A reference file with at least 200 samples is recommended to analyse regular WGS NIPT. The reference sample set size is not constrained, but PCA-based normalisation yields more accurate analysis when an increased number of euploid fetus samples are used as a reference.
# In R:
BinDel::write_reference(c("sample1.bam", "sample2.bam"), "coordinates.tsv", "reference.gz")
In addition to generating a single reference file in tab-separated text format, it's possible to create individual reference files per sample and subsequently merge them. This approach can be advantageous in scenarios involving high-performance computing (HPC) workflows or when memory constraints are a concern.
For instance, one can create a reference with the first sample as follows:
# In R
BinDel::write_reference(c("sample1.bam"), "coordinates.tsv", "reference_with_header.gz", anonymise=F)
For subsequent sample(s), the reference can be generated without including the column names/header:
# In R
BinDel::write_reference(c("sample2.bam"), "coordinates.tsv", "reference_no_header.gz", col_names = F, anonymise=F)

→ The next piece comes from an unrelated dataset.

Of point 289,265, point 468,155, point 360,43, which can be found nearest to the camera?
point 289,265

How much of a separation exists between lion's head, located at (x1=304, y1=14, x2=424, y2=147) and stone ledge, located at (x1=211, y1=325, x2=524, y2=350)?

Finally, to consolidate the reference files, they can be merged using the following command (in bash):
cat reference_with_header reference_no_header.gz > reference.gz
# In R:
BinDel::infer_normality("sample.bam", "reference.gz")
Note that infer_normality
with small reference set size and high cumulative PCA settings (regional, and cumulative_variance_per_region = c(50)
) may lead to NA
microdeletion risk scores (omitted from the output) or the inability to call microdeletion risk accurately.
Based on the preprint, the recommended analysis approach would be adopting a microdeletion-region-specific cut-off threshold when NIPT samples featuring microdeletions are available for calibration. This calibration should encompass parameters such as cumulative_variance
, cumulative_variance_per_region
, and the cut-off threshold, tailored to align with the application’s specific requirements, ensuring a balance between sensitivity and specificity that aligns with the intended analysis purposes. In cases where a region-specific approach is not feasible, we advocate the adoption of PCA95% (cumulative_variance = 95.0
) in conjunction with a microdeletion cut-off threshold set at 90%.
Results location: The output file name and location are determined by the function infer_normality
named parameter output_file_path
(presumes that the folder exists).
The md_prob
is a probability of microdeletion risk with a risk score between 0-100, where 100 represents the highest risk. In non-standard NIPT analysis (exploratory or novel method development), one might benefit from using dist_md
Mahalanobis distance (set output_intermediate_scores = T
), which is not capped at 100 but requires distribution analysis to determine where to set high microdeletion cut-off. Please note that the risk score interpretation may vary between different NIPT WGS protocols.